(Short descriptive text snippets)
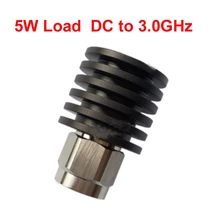 Telcome использовать ВЧ нагрузка 5 Вт DC-3Ghz кабель подачи N мужчина коаксиальный кабель Jack Разъем Cable load связи конвертер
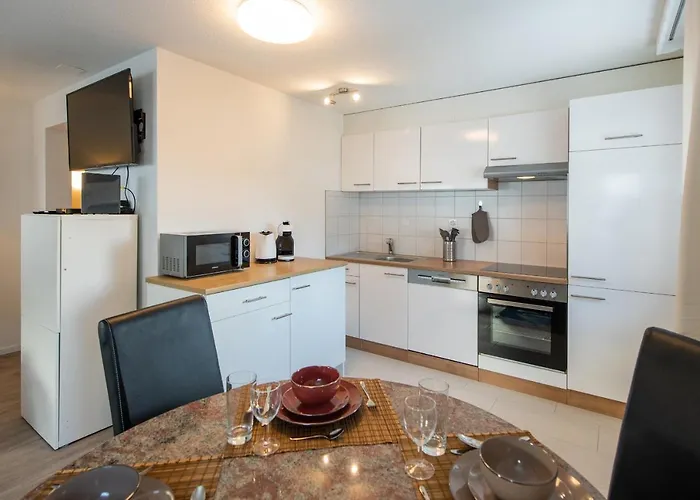 Agrimonia - Moebilierte Mit Balkon Apartment *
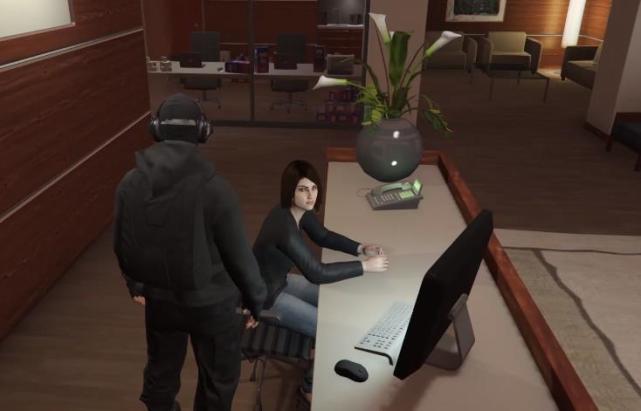 gta5线上女秘书有何功能私人空间必须买而它最重要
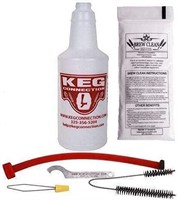 Kegconnection Kegerator Cleaning Kit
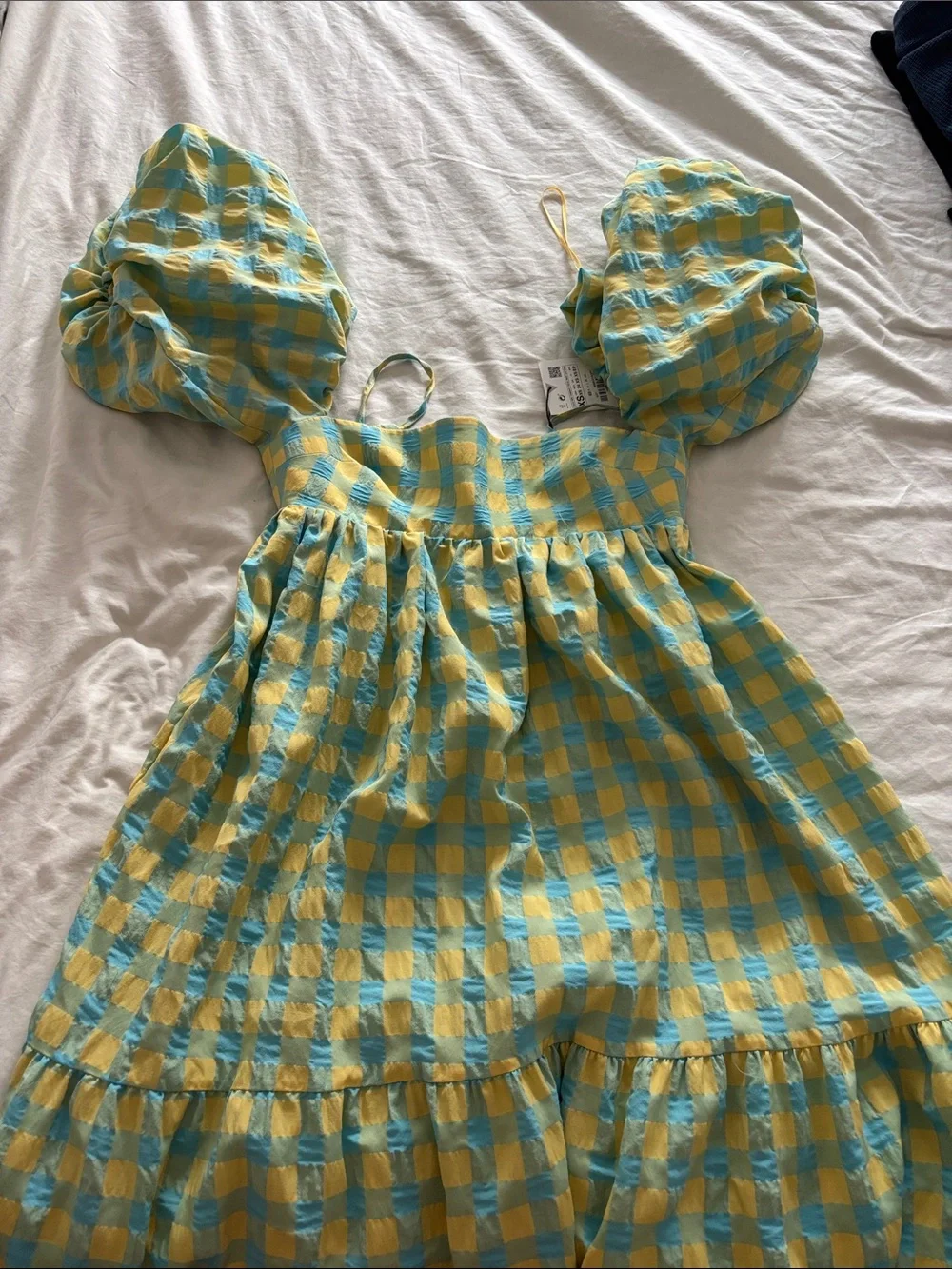 Zara soft cotton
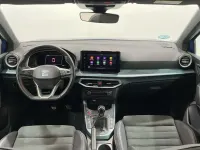 Usado Seat Arona Xperience 110 CV (80 kW) 2022 Azul SUV
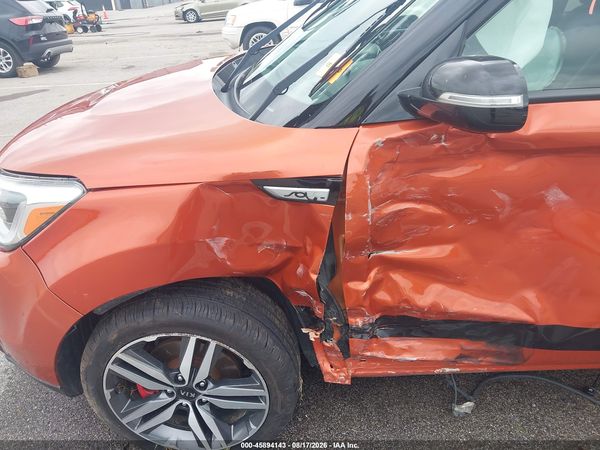 2018 KIA SOUL !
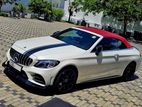 Mercedes Benz C200 Cabriolet 2020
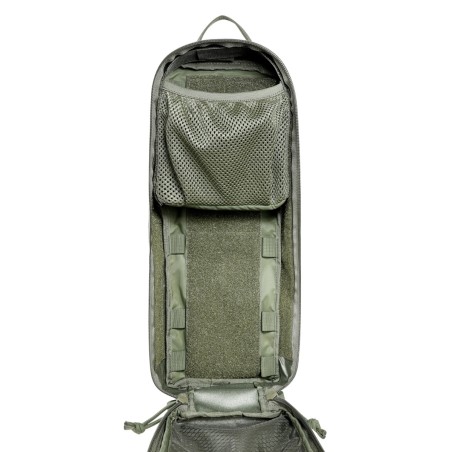 Tasmanian Tiger Side Pocket 17 gepolstertes Trennelement ganz oben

* _Problem to solve_
Write out the lines that run from the line containing "Mercedes Benz C200 Cabriolet 2020" to the end of the entries, inclusive, exactly as written. Skip every picture.

* _The answer_
 Mercedes Benz C200 Cabriolet 2020
 Tasmanian Tiger Side Pocket 17 gepolstertes Trennelement ganz oben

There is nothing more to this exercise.